Large and extensively trained diffusion models are supposed to ensure that each new prompt produces a unique image that is far removed from the originals in the training data. But is this really the case?
Data set size and replication are related
Researchers at New York University and the University of Maryland have tackled this question in a new paper titled "Diffusion Art or Digital Forgery?
They examine different diffusion models trained on different datasets such as Oxford Flowers, Celeb-A, ImageNet, and LAION. They wanted to find out how factors such as the amount of training data and training affect the rate of image replication.
At first glance, the results of the study are not surprising: diffusion models trained on smaller data sets are more likely to produce images that are copied from or very similar to the training data. The amount of replication decreases as the size of the training set increases.
Study examined only a small portion of training data
Using the twelve-million-image "12M LAION Aesthetics v2 6+", the researchers examined only a small section of the two-billion-image Stable Diffusion training dataset. They found that models like Stable Diffusion in some cases "blatantly copy" from their training data.
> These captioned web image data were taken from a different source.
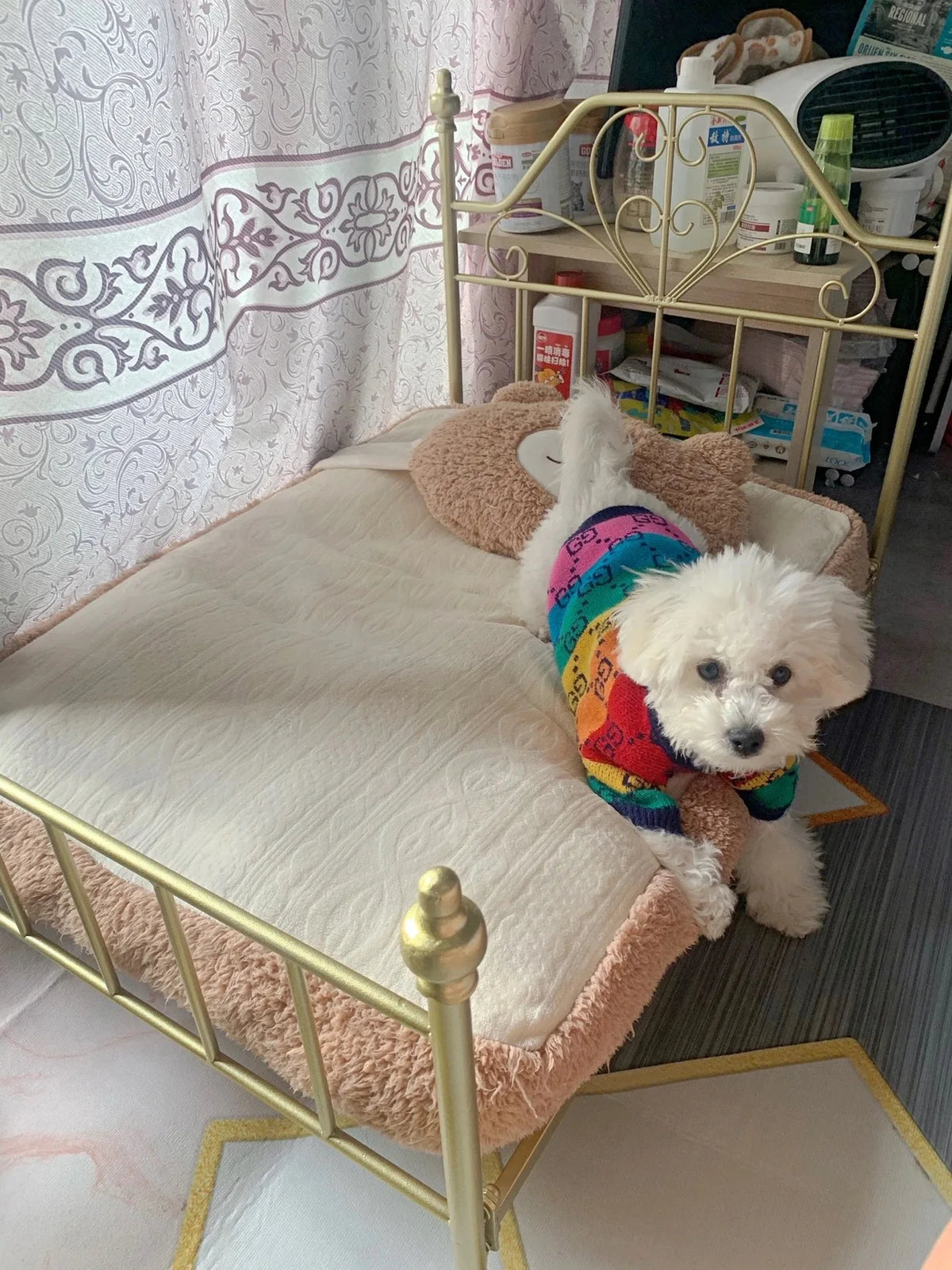 Princess Bed for Small Pets Wrought Iron Pet Bed Removable Washable Breathable Dog and Cat Bed Detachable Bed Frame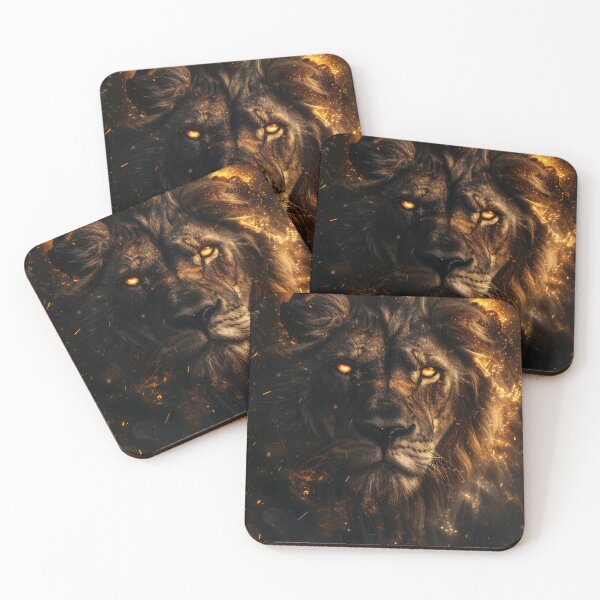 Item preview, Fiery Lion Portrait Dark Art designed and sold by QuantumDrift.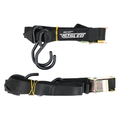 Two black Eagle Claw Jet Sled Adjustable Cargo Straps made of durable nylon webbing, featuring heavy-duty metal ratchet buckles and large black hooks for secure fishing tackle or gear transport.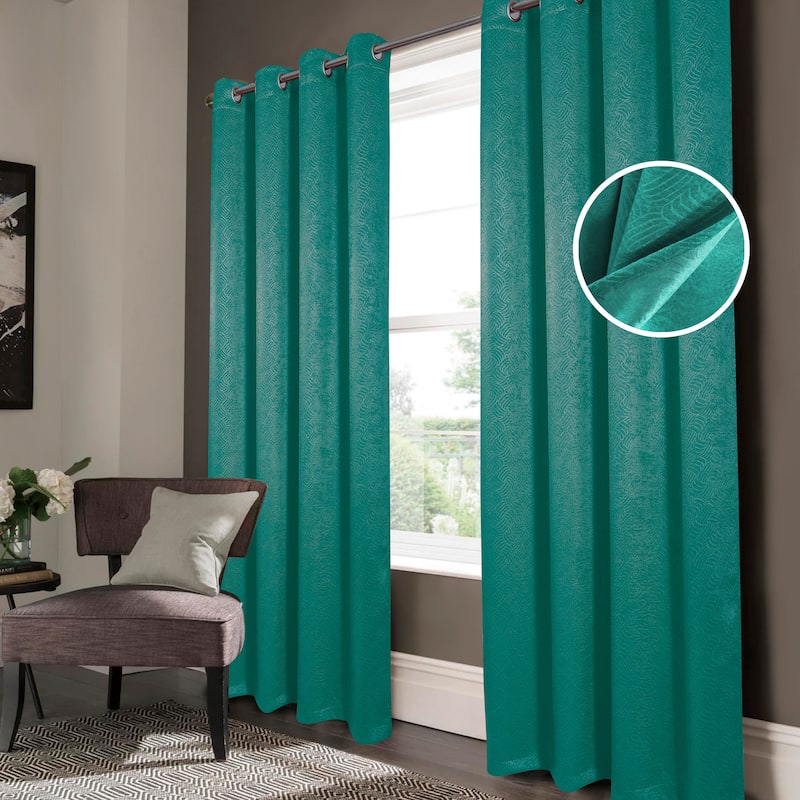 Nellie Geometric Room Darkening Window Curtain Panel 84"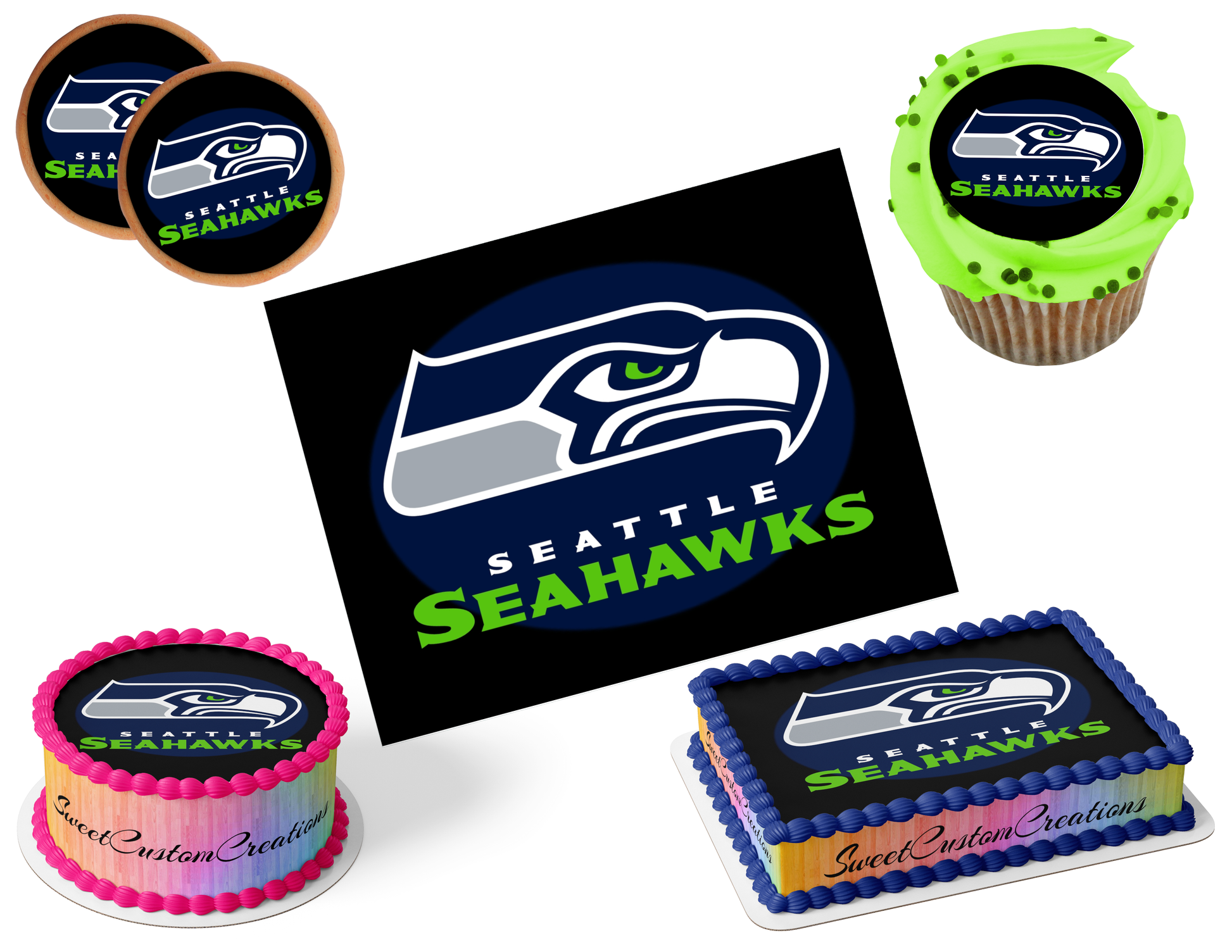Seattle Seahawks Edible Image Frosting Sheet #5 (80+ sizes)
However, the near-exact reproduction of training data is not inevitable, as older studies on generative models such as GANs have shown, the paper states. The team confirms this with a latent diffusion model (LDM) trained with ImageNet, where there is no evidence of significant data replication. So, what does Stable Diffusion do differently?
Copies do not happen often, but often enough
The researchers suspect that the replication behavior in Stable Diffusion results from a complex interaction of factors, such as the model being text-conditioned rather than class-conditioned and the dataset used for training having a skewed distribution of image repetitions.
In the random tests, on average, about two out of 100 generated images were very similar to the images from the dataset (similarity score > 0.5).
The goal of this study was to evaluate whether diffusion models are capable of reproducing high-fidelity content from their training data, and we find that they are. While typical images from large-scale models do not appear to contain copied content that was detectable using our feature extractors, copies do appear to occur often enough that their presence cannot be safely ignored.
From the paper
Since only 0.6 percent of Stable Diffusion's training data was used for testing, there are numerous examples that can only be found in the larger models, the researchers write. In addition, the methods used may not detect all cases of data replication.
For these two reasons, the paper states, "the results here systematically underestimate the amount of replication in Stable Diffusion and other models."